Repeat the whole listing below precisely. Omit all pictures.

MATERIAL PROVIDED ->
──────
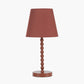 Sophia Terracotta Metal Bobble Table Lamp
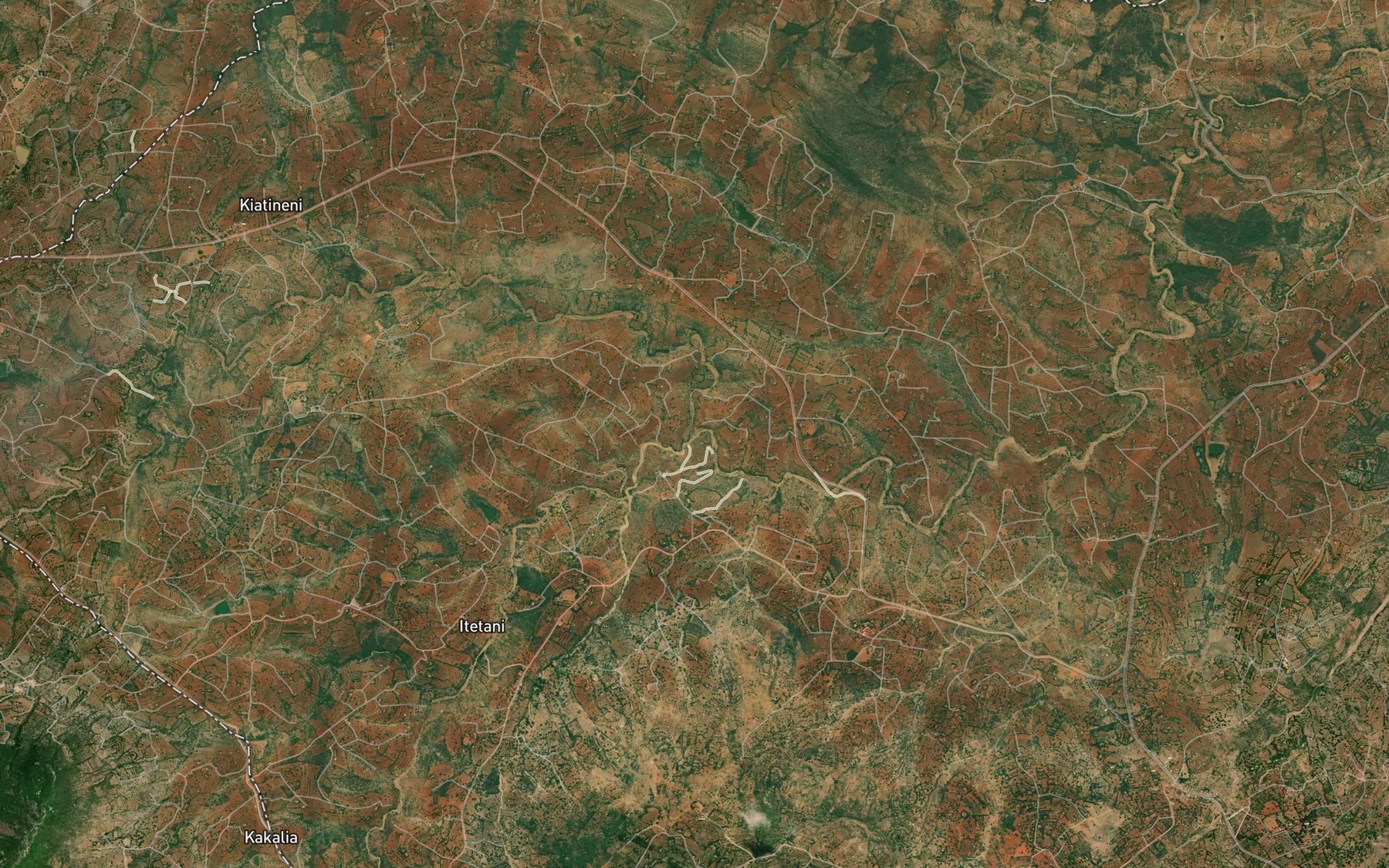 Satellite map of the Syuuni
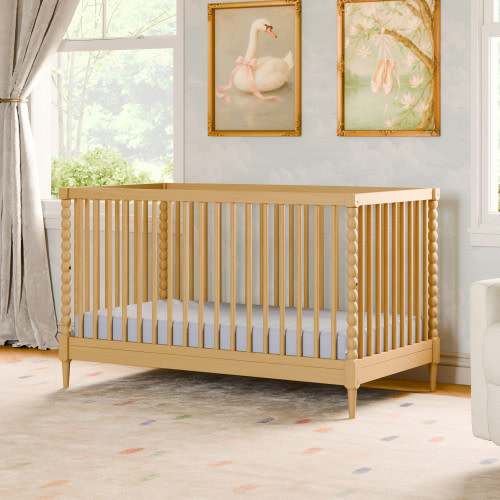 daVinci Lainey Bobbins 3-in-1 Convertible Crib - Honey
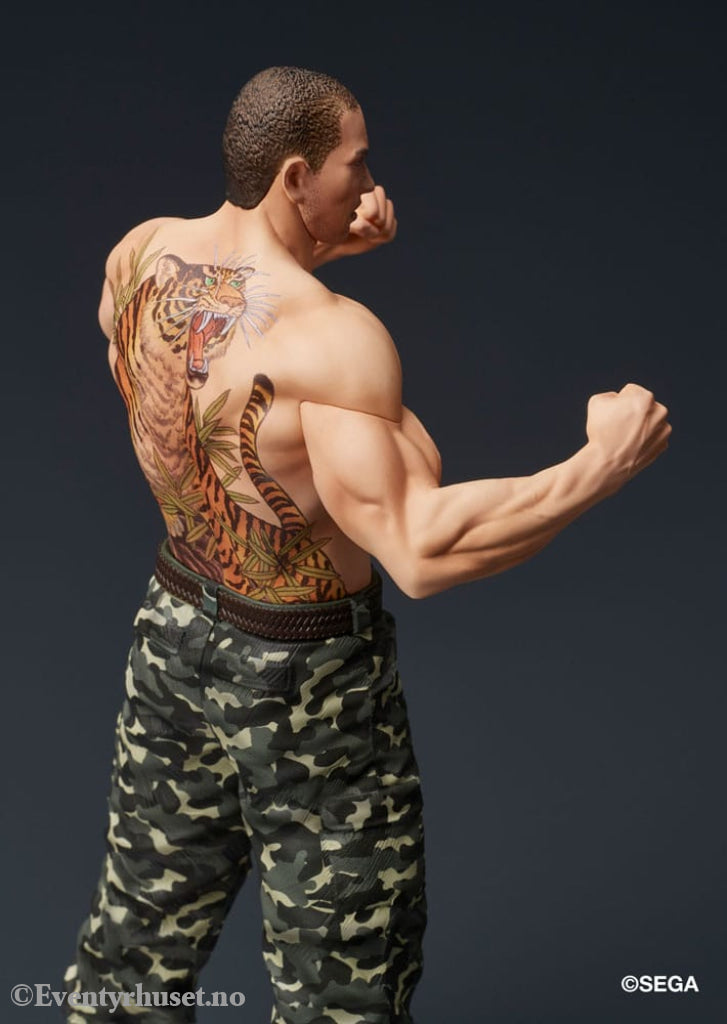 Yakuza: Like a Dragon Digsta PVC Statue Taiga Saejima Battle Style Ver. 18 cm Manga & Anime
──────
RESULT OF THIS EXERCISE ->
 Sophia Terracotta Metal Bobble Table Lamp
 Satellite map of the Syuuni
 daVinci Lainey Bobbins 3-in-1 Convertible Crib - Honey
 Yakuza: Like a Dragon Digsta PVC Statue Taiga Saejima Battle Style Ver. 18 cm Manga & Anime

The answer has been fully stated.